▸ **WORK REQUEST**:
When you copy the data, keep every line exactly as written and skip the pictures.

--- SUPPLIED INFORMATION Enclosed Below ---

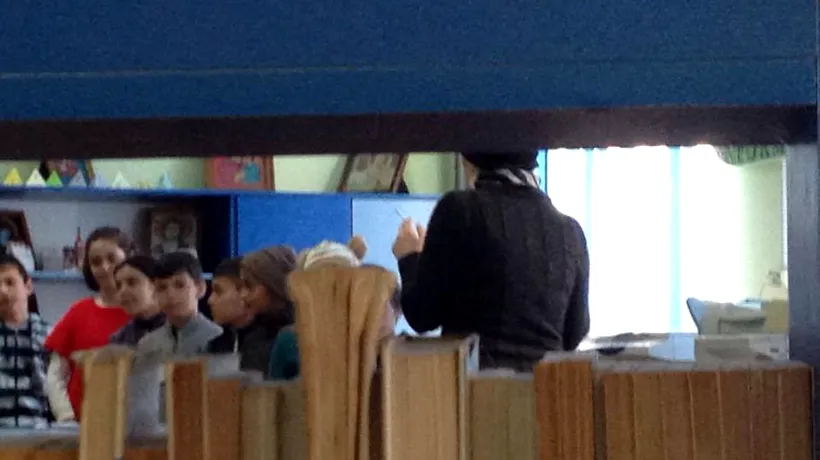 Profesoară de la o școală din județul Galați, surprinsă fumând în prezența elevilor, în bibliotecă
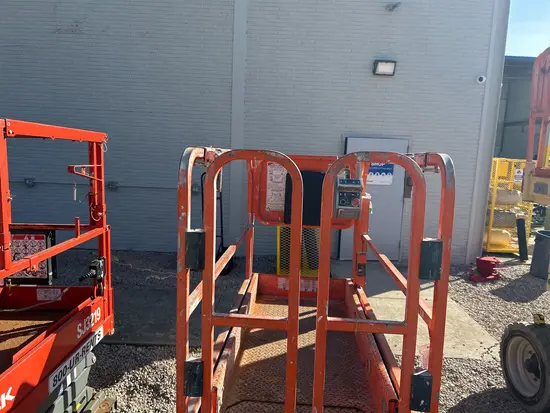 2019 Snorkel S3219E Scissor Lift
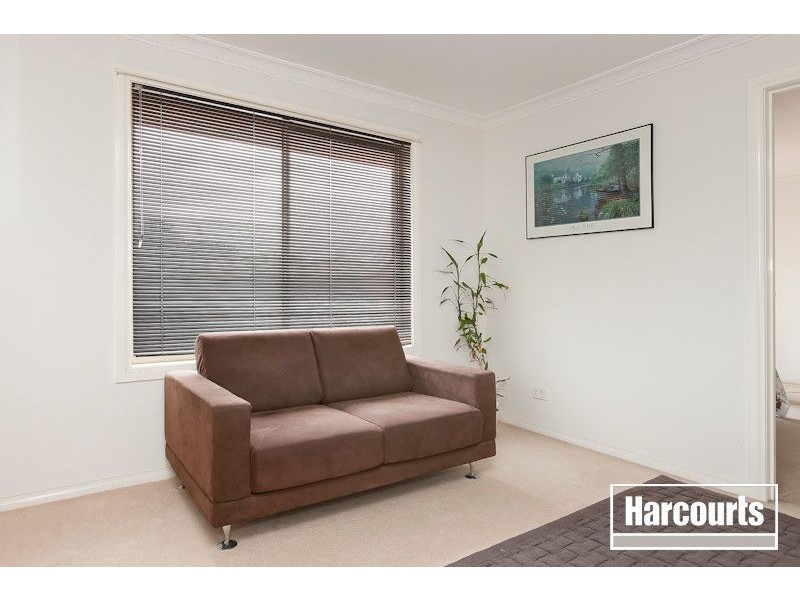 94 Hutchinson Drive, Lynbrook VIC 3975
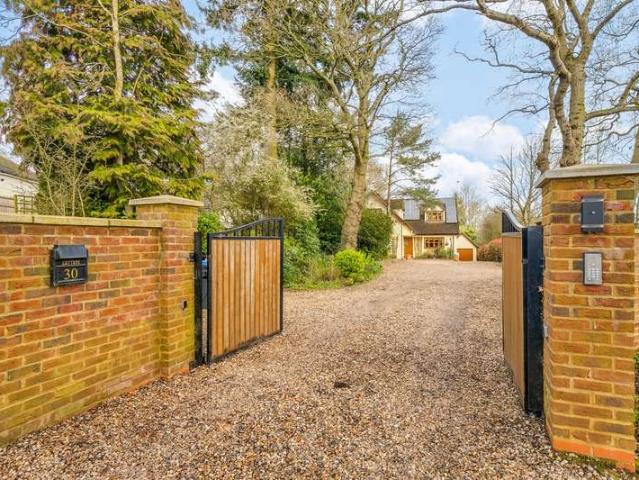 House for sale in Oaklands, Fretherne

--- End of Enclosed SUPPLIED INFORMATION ---

▸ **RESPONSE**:
 Profesoară de la o școală din județul Galați, surprinsă fumând în prezența elevilor, în bibliotecă
 2019 Snorkel S3219E Scissor Lift
 94 Hutchinson Drive, Lynbrook VIC 3975
 House for sale in Oaklands, Fretherne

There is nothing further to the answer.